# Clutch Problems



## catwell (Dec 13, 2008)

I just recently installed a 2005 GTO LS2 / 6sp in my 1967 GTO Convertible. We are trying to work all of the bugs out of the conversion. One problem i am having is with the Clutch. Over the course of 200-250 miles of test runs, the clutch has slipped several times. While accelerating in a high gear, it will start to slip, but if I pump the clutch one time it grabs again and works fine. There is no pattern to the slipage except that every time it starts, a single pump of the clutch will correct it.

Any ideas?


----------



## jpalamar (Jul 22, 2008)

Bleed it. Maybe look into SS lines if your going to run it hard. Maybe also a bad slave or something.

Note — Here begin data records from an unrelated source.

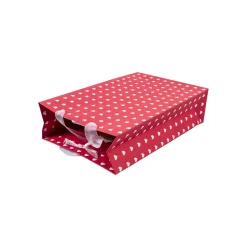 Large Valentine Gift Bag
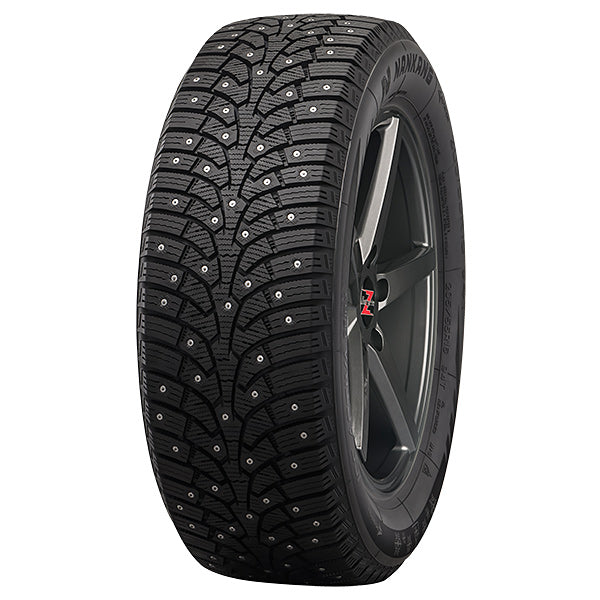 Nankang SW-9 245/45R19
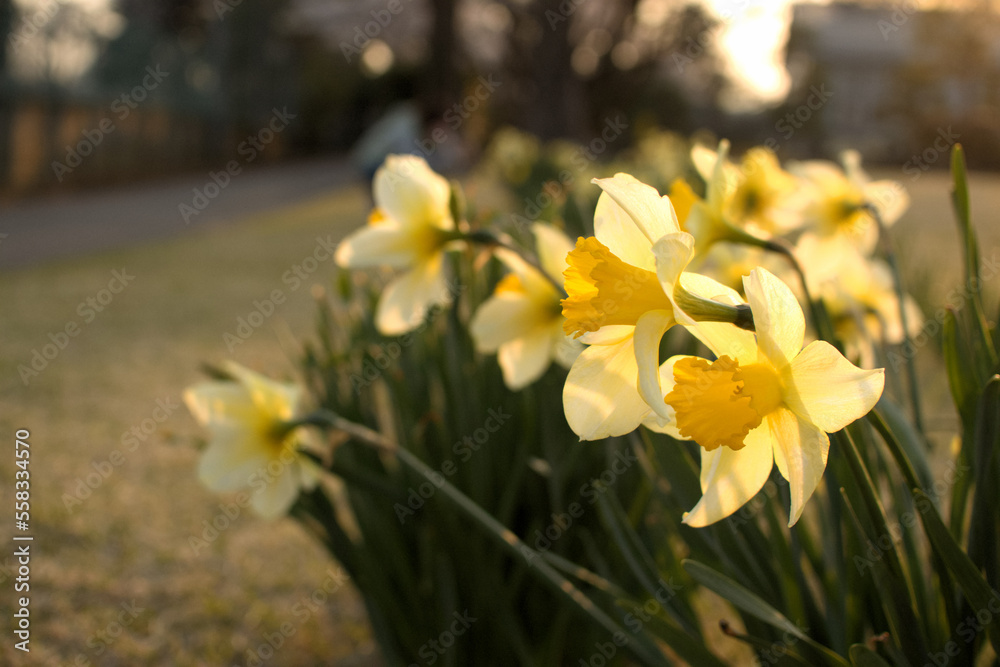 Obraz premium Yellow daffodils in spring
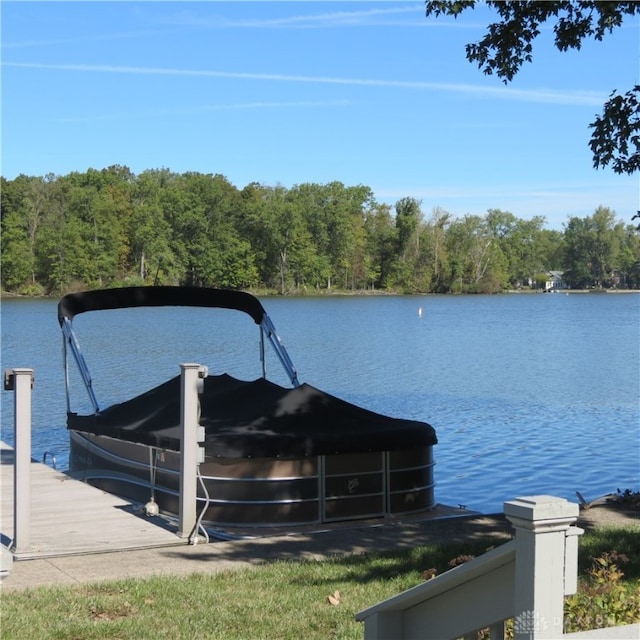 dock area with a water view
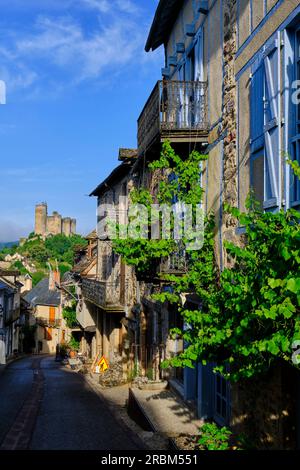 Francia, Aveyron (12), Najac, etichettato come i villaggi più belli della Francia, il villaggio medievale e il castello di Najac Foto Stock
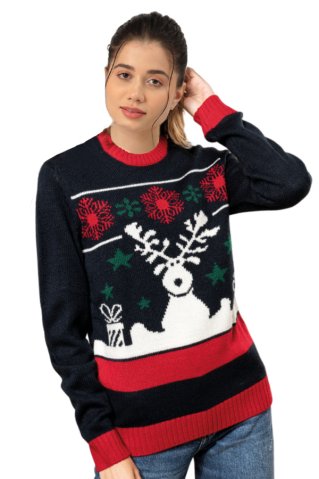 Women's Sweater 449010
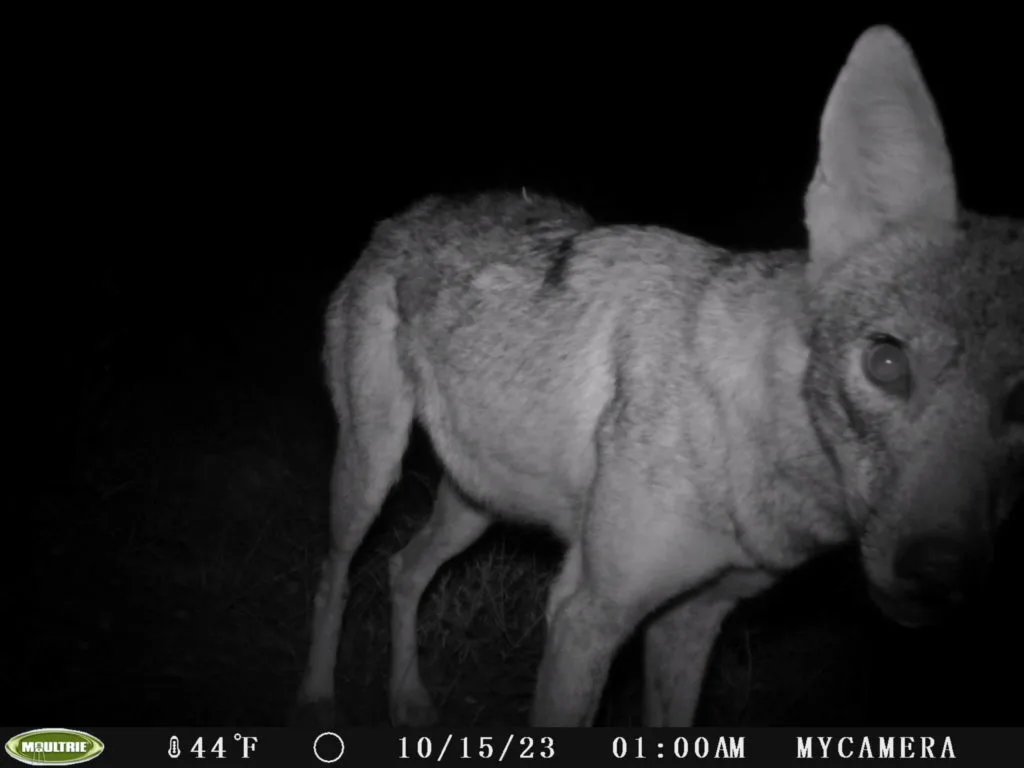 game camera closeup photo of a coyote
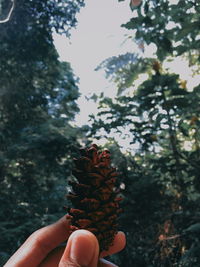 Close-up of hand holding pine cone against trees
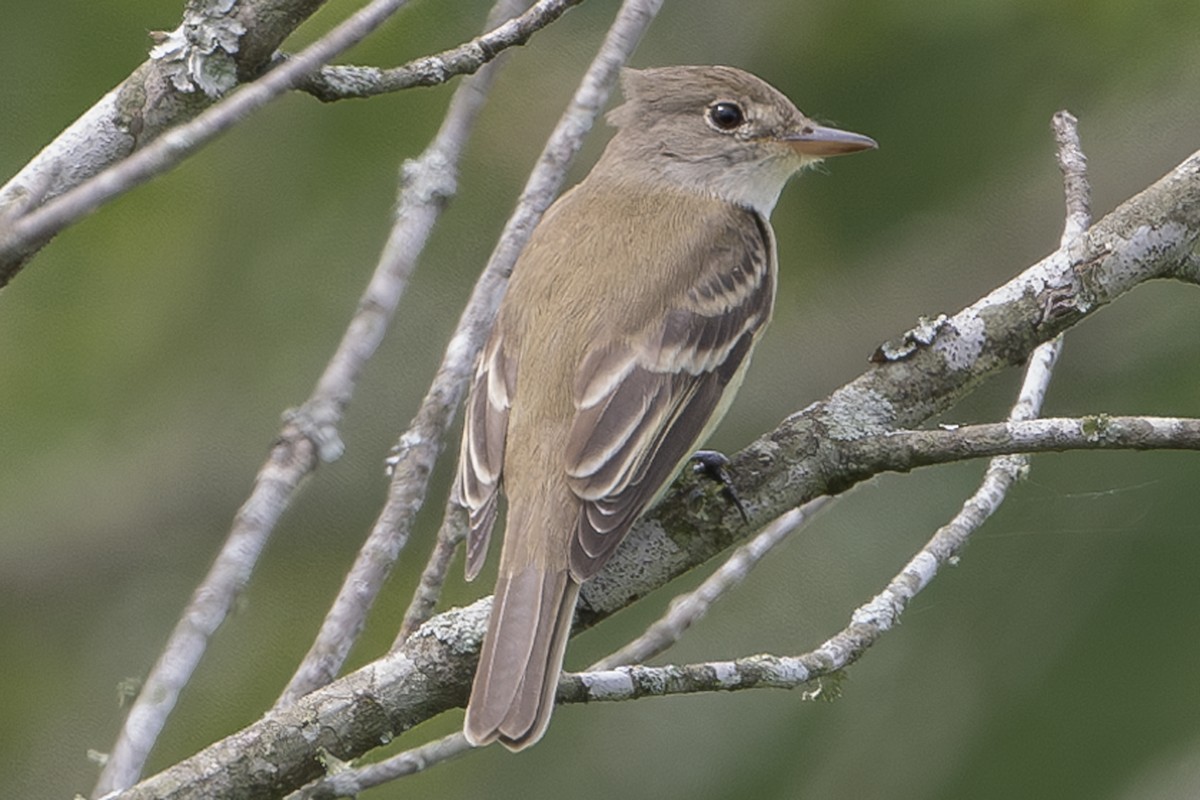 Willow Flycatcher - ML620812847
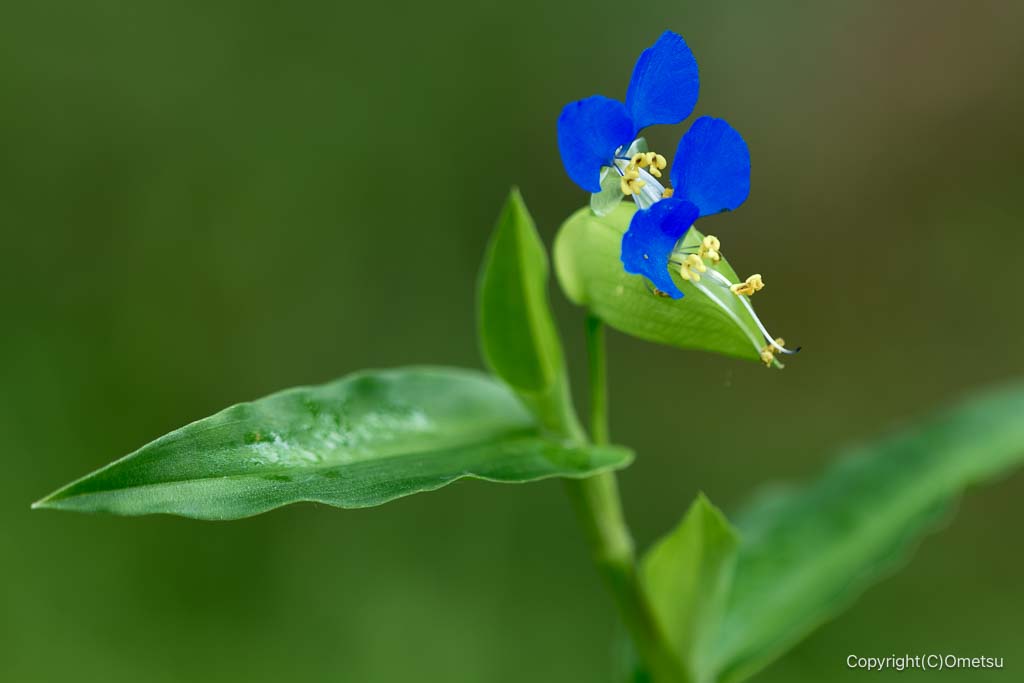 入間・西久保湿地のツユクサ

Is it the stock clutch, new or used?


----------



## Rukee (Feb 8, 2007)

Check that the clutch pedel rod to the master cyl is out completely when your foot is off the clutch. If the cars clutch pedal is slightly holding the master down, that could explain it as most master cyl's have a bleed off currcut when the pedal is up.


----------



## GM4life (Mar 18, 2007)

Bleed the system.


----------



## catwell (Dec 13, 2008)

Thanks. I bought the engine / tranny with 30K miles on it so I assume it is stock. Hopefully the fix is as simple as bleeding it.


----------